# FK100p Vs SV Autobahn testing



## Epoch (Jul 30, 2006)

I do too many miles in my car at the moment, which means the wheels are always a pain to clean the brake dust seems to really bond on.

I've always been a big fan of wheel sealants (or general LSP's for wheels) for some time as i do feel they make the maintenance job a lot easier. It's was about time i tried some of the new favourites on DW.

After reading of Damon Bigpickle and Neil _S' success with the FK paste sealant and also some good reports of Swissvax Autobahn I thought it time to do some testing of my own 

So with a little sample from Neil_S (Thanks :wave and a Swissvax purchase of some goodies made (No CR yet!), I got Damon back up to do half my wheels in his wonder product (It was only fair )

The plan is to try to touchless wash with the PW, or at worst shampoo wash the wheels until the products start to fail to see which one lasts the longest and is most effective at resisting brakedust. I'll update this thread when I wash the car every few weeks 

After a shampoo wash which I had done earlier, Damon cleaned the full wheel surface of the front two wheels with Swissvax Cleaner Fluid (the worst offenders and besides I think the Zaino CS was still holding up on the backs). He was moaning about the wheels not being fully clean at this point p) but we got there in the end with an assortment of brushes 










The residue was then buffed off.

Using the air valve as a half way marker the left half of the wheel face was covered in FK100p buy foam applicator.

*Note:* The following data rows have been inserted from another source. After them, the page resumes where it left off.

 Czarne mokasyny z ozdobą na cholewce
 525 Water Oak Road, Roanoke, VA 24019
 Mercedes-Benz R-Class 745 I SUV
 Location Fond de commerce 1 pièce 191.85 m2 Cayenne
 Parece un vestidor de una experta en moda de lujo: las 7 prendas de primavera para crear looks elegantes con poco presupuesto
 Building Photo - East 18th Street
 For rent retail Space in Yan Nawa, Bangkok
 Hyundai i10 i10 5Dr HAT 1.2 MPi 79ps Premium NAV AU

next up the SV Autobahn was applied to the right half of the wheel face (I managed to get Damon to do this as well because he likes the smell of Kola Kubes ).










They were both left for about 20 mins while we got on with other things

Both sides were done with the FK on the left side of the valve and the SV Autobahn on the right so should offer a fair test.

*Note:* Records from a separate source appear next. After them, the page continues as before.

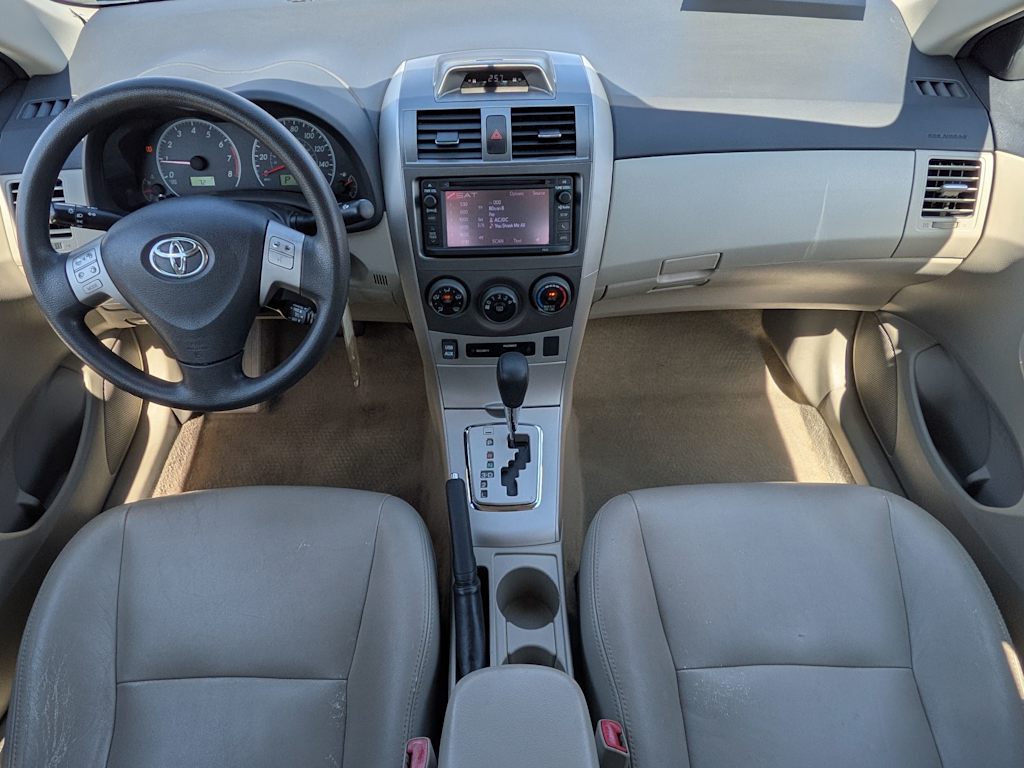 Thumbnail: 2013 Toyota Corolla - 9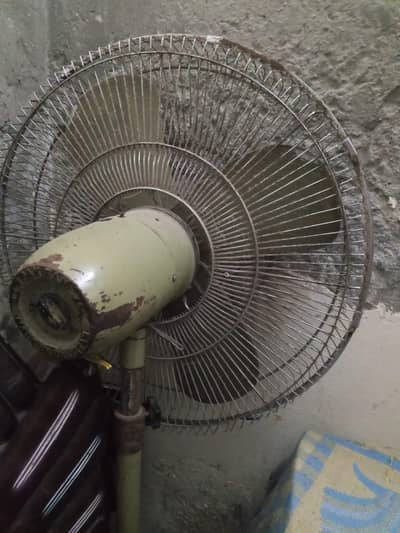 one fan for sale urgent need cash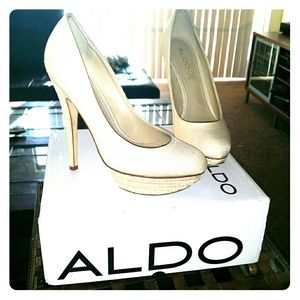 NIB Aldo Beige Woven platform heels 9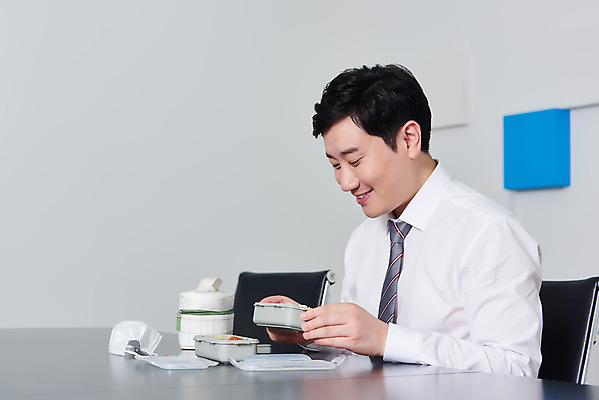 포토 JPG 남자 음식 회사 비즈니스 실내 마스크 한명 들기 상반신 성인 옆모습 30대 사무실 한국인 직장인 비즈니스맨 바이러스 사회이슈 도시락 점심식사 성인남자한명만 코로나바이러스 사회적거리두기 노마스크 델타변이바이러스 국내포토 직업 1 캠페인 뷰포인트 컨셉 모션 사람 동양인 내부 장년 식사 남자한명만 성인남자만 파일형식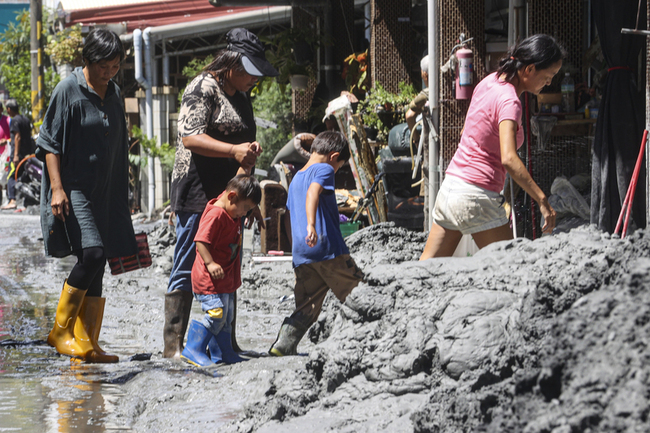 衛福部啟動募款專案 蔡英文：救災不分中央或地方 | 華視新聞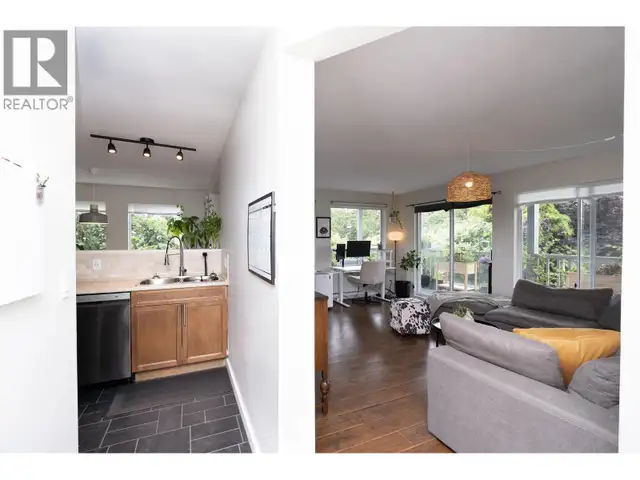 756 GIBSONS WAY Gibsons, British Columbia in Condos for Sale in Sunshine Coast - Image 12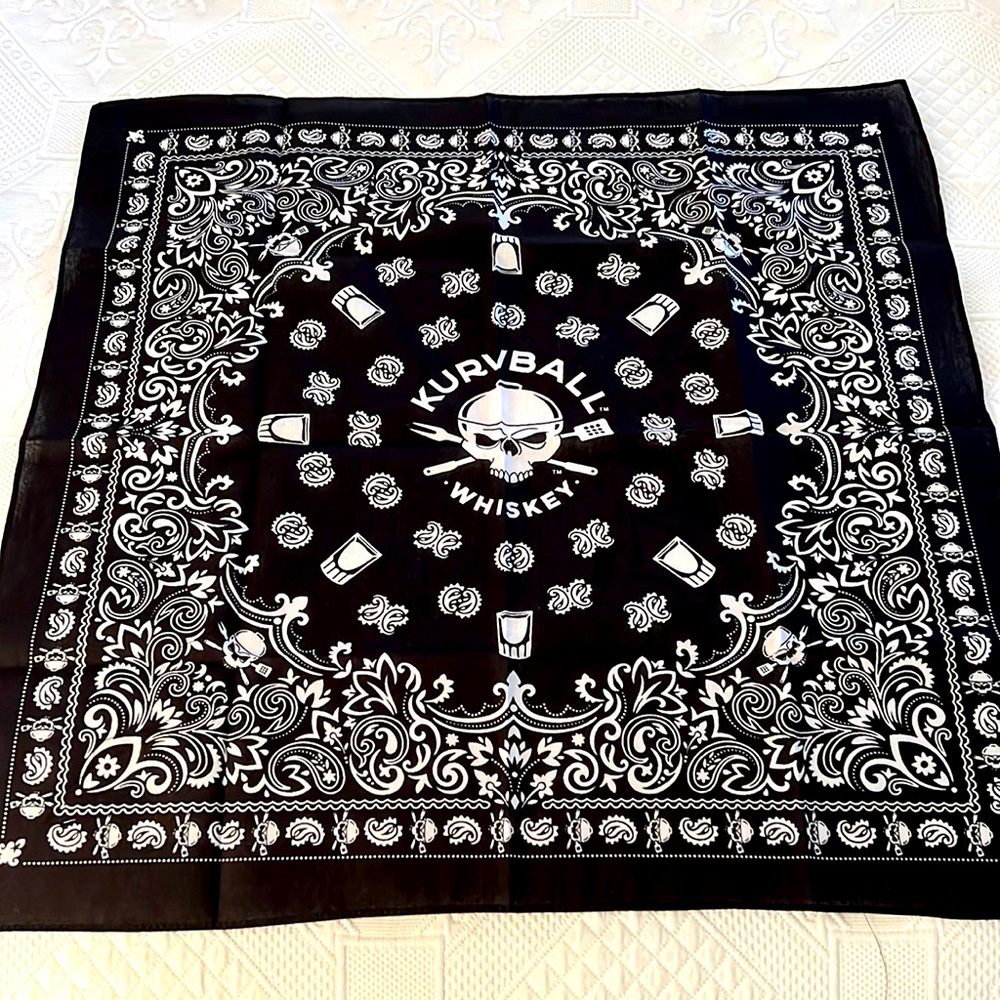 BRAND NEW IN PACKAGE KURVBALL BLACK AND WHITE BANDANA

They were then buffed off each half one at a time with a fresh side of cloth.










job done










Both felt nice and slick and looked pretty bright so it will be interesting to see how they fair over the coming weeks

BTW Tyres were done with Pneu during the process, incase you wondered 

Thanks again to Neil for the sample and Damon for doing all the work :thumb:

Updates to follow


----------



## ads2k (Jul 12, 2006)

Nice one guys :thumb:

Be very interesting to see if FK outlasts the vastly more expensive SV.


----------



## Epoch (Jul 30, 2006)

^^^ Cheers Adam

Yeah for about the same money the FK full size pot would dominate the winy SV one

but i too am interested to see what happens on this one


----------



## Gandi (Dec 18, 2007)

Where there any differences in looks to each half of the wheel?


----------



## Epoch (Jul 30, 2006)

Gandi said:


> Where there any differences in looks to each half of the wheel?


Not that i could see last night in the garage to be honest the SV cleaner fluid cleaned them up lovely and neither took anything away so that's good by me.

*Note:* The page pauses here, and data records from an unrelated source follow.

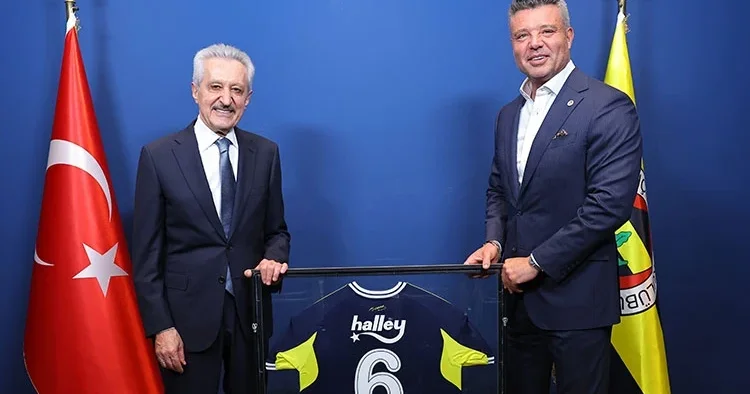 Fenerbahçe de sürpriz imza!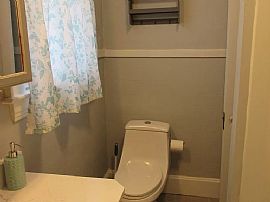 702 28th St, Vienna, Wv 26105 in Vienna, WV (Photo 10 of 12)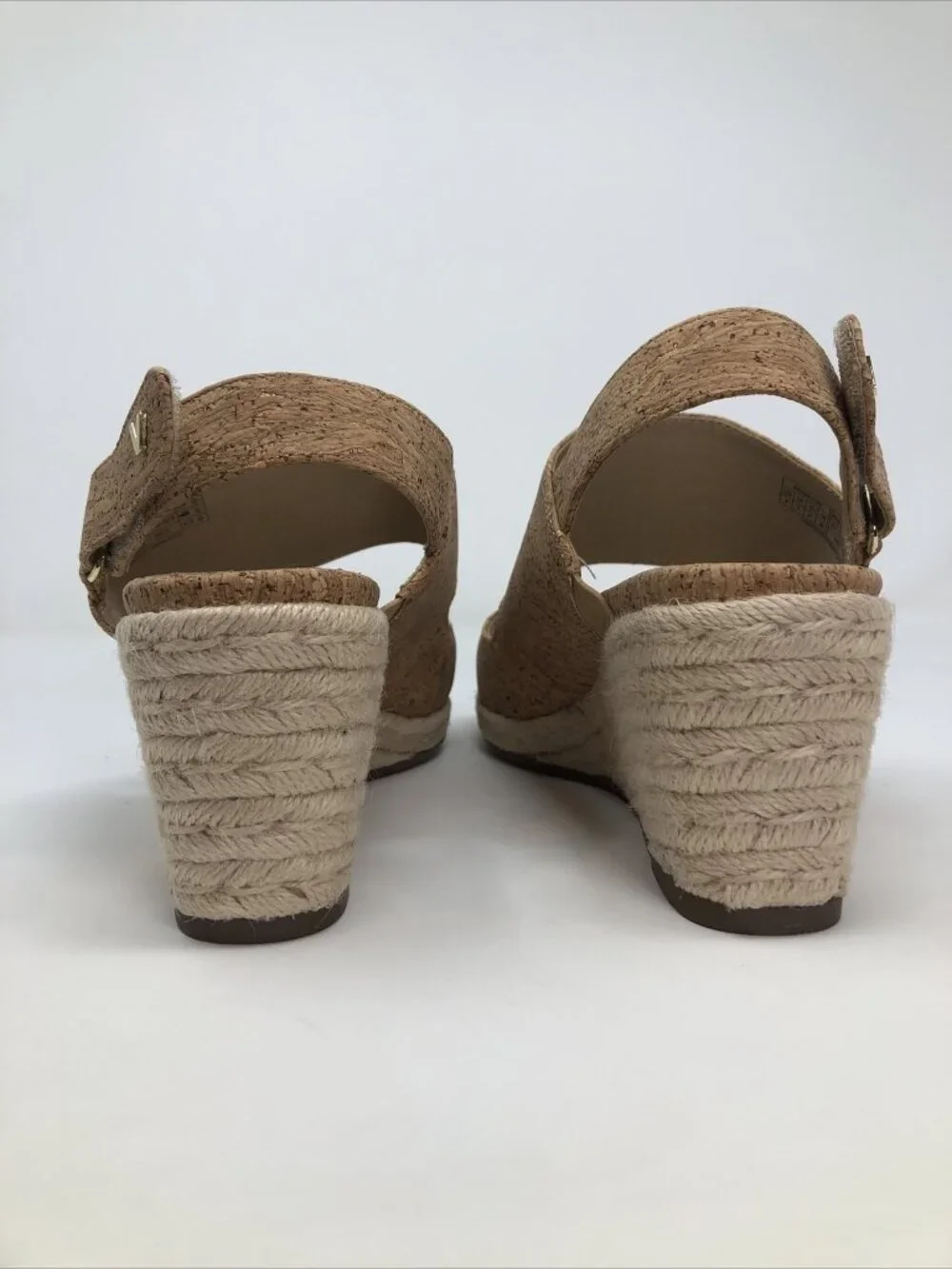 Vionic Shoes Womens 9 Brooke Cork Beige Espadrille Gold Fleck Wedge Heel Sandal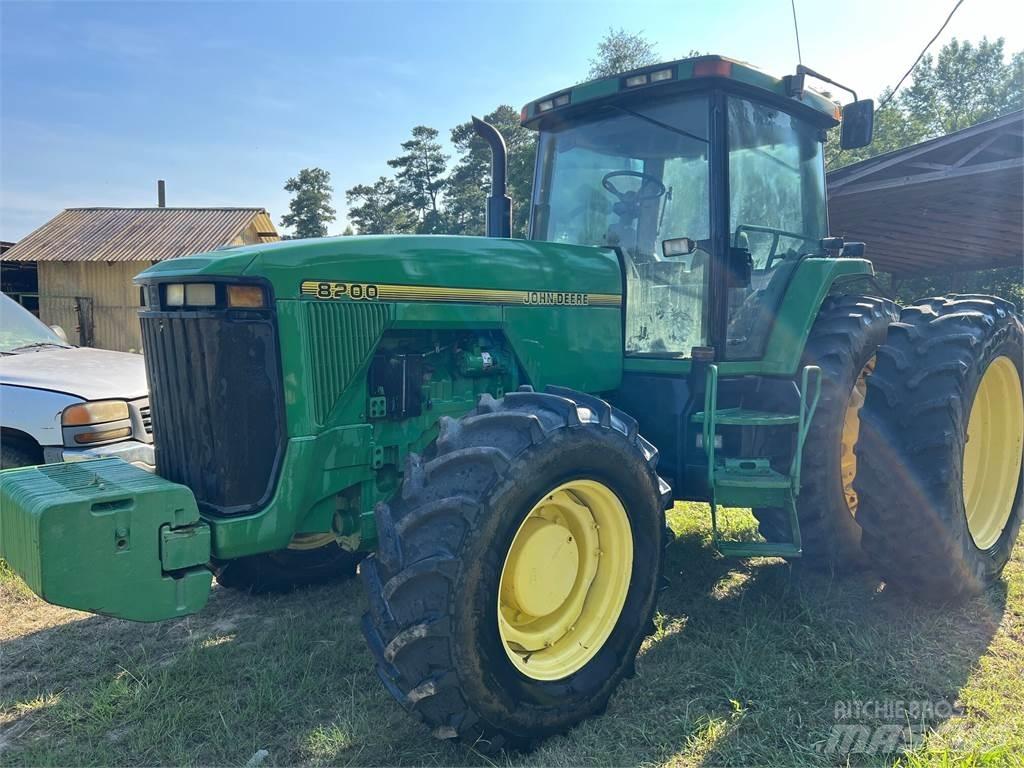 John Deere 8200 Tratores Agrícolas usados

I'll do a daylight review in a weekend or two's time, we actually did about ten such play tests last night, so was in a hurry, but this was the quickest and easiest to write up. More to follow


----------



## Alan W (May 11, 2006)

Nice review guys! :thumb:

I found the Swissvax Autobahn wax to be the only product I was able to use on the GP's satin black wheels. Everything else I tried left a faint white residue in the pits of the roughish textured finish. 

I've used FK1000P on the TT's wheels after first polishing them with AG SRP. Durabilty is looking good so far at just over 2 months. :thumb:

Keep us updated on the durability Jon.

Alan W


----------



## Bigpikle (May 21, 2007)

it was a good session, but even in the uber garage it was hard to see a difference between them. Maybe in daylight it would be more obvious if there was any difference in looks - on my new'ish wheels FK1000 is a very bright finish and looks good, but I havent used Autobahn yet....

look forward to the update and will see it on Sunday


----------



## Epoch (Jul 30, 2006)

Thanks again Damon

I'll do the other write up's when i get home 

Just got to get ready for Sunday now


----------



## ads2k (Jul 12, 2006)

Epoch said:


> Thanks again Damon
> 
> I'll do the other write up's when i get home
> 
> Just got to get ready for Sunday now


you 2 are spending an awful lot of time together, anything you want to tell us :lol:


----------



## Epoch (Jul 30, 2006)

ads2k said:


> you 2 are spending an awful lot of time together, anything you want to tell us :lol:


We don't share a Destiny though, and I think you two might 

:lol:


----------



## Epoch (Jul 30, 2006)

Alan W said:


> Nice review guys! :thumb:
> 
> I found the Swissvax Autobahn wax to be the only product I was able to use on the GP's satin black wheels. Everything else I tried left a faint white residue in the pits of the roughish textured finish.
> 
> ...


Updates won't be a problem 

Good to hear the FK doing well Alan, how did you find the SV AB for durability?


----------



## Alan W (May 11, 2006)

Epoch said:


> Updates won't be a problem
> 
> Good to hear the FK doing well Alan, how did you find the SV AB for durability?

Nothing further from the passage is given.